– Japan Newspaper: Radiation levels rising every month since decontamination in Fukushima district — Gov’t won’t help or even respond — “Are they forcing us to tolerate high radiation?” (ENENews, Oct 23, 2012):
Title: One year on, Fukushima still fights uphill battle to decontaminate farming district
Source: Mainichi Japan
Date: Oct. 18, 2012
h/t Fukushima Diary[…] The residents of the Onami district are frustrated with the government’s inaction, with one of them saying, “Are they forcing us to tolerate high radiation doses?”
[…] because the district is not in a government-designated evacuation zone, there is no government support for local residents.
[…] The Fukushima Municipal Government believes that the high radiation doses have gathered in street gutters as a result of “soil re-deposition” in which radioactive substances were pushed down by rains and winds.
The Fukushima Municipal Government asked the Ministry of the Environment to conduct the second round of decontamination in spring this year, but there has been no reply so far. An official of the Fukushima Municipal Government said, “Because it is so costly, they may be waiting for the radiation levels to go down naturally without conducting decontamination.”

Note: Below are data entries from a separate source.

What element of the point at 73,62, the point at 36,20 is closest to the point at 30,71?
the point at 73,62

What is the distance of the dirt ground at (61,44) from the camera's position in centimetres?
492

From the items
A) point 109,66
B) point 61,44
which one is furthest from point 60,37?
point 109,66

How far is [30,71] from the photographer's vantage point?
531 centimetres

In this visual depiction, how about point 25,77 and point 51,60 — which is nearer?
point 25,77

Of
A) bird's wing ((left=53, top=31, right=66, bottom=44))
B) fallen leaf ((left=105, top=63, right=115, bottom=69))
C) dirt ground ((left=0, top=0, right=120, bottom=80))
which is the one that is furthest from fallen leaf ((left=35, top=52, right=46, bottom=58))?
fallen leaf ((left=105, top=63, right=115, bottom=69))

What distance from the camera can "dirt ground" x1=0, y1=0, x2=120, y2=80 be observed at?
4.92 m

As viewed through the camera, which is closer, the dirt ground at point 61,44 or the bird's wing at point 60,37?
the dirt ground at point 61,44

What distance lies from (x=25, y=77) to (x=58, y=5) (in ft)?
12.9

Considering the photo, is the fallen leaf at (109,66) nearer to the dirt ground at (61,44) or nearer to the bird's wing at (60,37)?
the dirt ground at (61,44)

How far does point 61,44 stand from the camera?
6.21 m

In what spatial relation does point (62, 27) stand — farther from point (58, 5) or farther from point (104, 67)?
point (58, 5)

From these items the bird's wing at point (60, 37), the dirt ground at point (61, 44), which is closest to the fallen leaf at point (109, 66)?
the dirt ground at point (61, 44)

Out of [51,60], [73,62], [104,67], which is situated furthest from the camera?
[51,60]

First example given by Mainichi
A 68-year-old woman in the district has been measuring radiation levels […] her home was decontaminated in April this year, the level of radiation was 226 microsieverts per month, but it rose to 238 microsieverts in June, 246 microsieverts in July and 251 microsieverts in August.
Second example given by Mainichi
The radiation dose neighborhood association chief Toshihiko Kurihara, 71, measured in a street gutter near his house dropped to the 2-microsievert-per-hour level after the first round of decontamination in March this year from the 9-microsievert-per-hour level registered before the decontamination. However, the radiation level there stood at 10.36 microsieverts per hour in August. “It starts rising in a matter of time after decontamination,” he said with a sigh.
At least they do not need to turn on the lights at night.